• **EXERCISE DESCRIPTION**:
Repeat the listing exactly. Pictures stay out of your copy.

• **STORED DATA**:
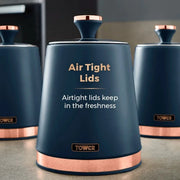 Tower Cavaletto Kettle, 2 Slice Toaster and 3 Canisters Midnight Blue Rose Gold5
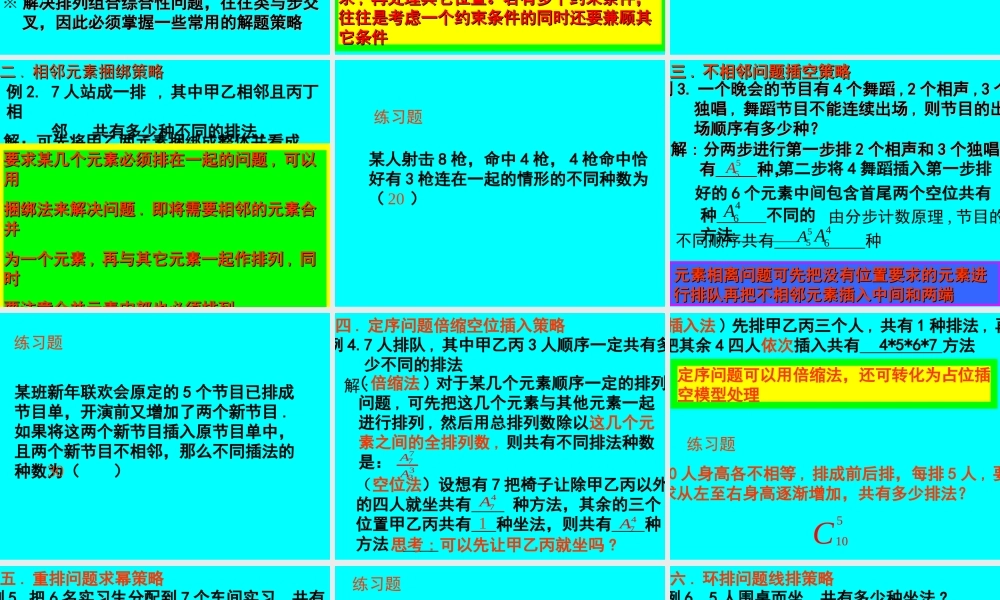 人教版高二数学解排列组合问题的十七种常用策略 课件
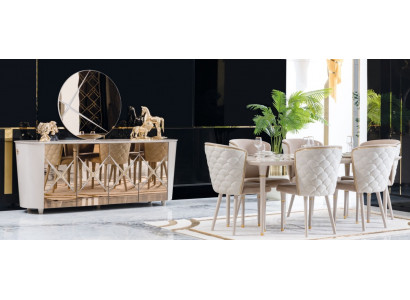 Dining room Set Group Suite Table new Dining table 6x Chairs Chest of drawers Mirror 9pcs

• **SOLUTION TO THIS EXERCISE**:
 Tower Cavaletto Kettle, 2 Slice Toaster and 3 Canisters Midnight Blue Rose Gold5
 人教版高二数学解排列组合问题的十七种常用策略 课件
 Dining room Set Group Suite Table new Dining table 6x Chairs Chest of drawers Mirror 9pcs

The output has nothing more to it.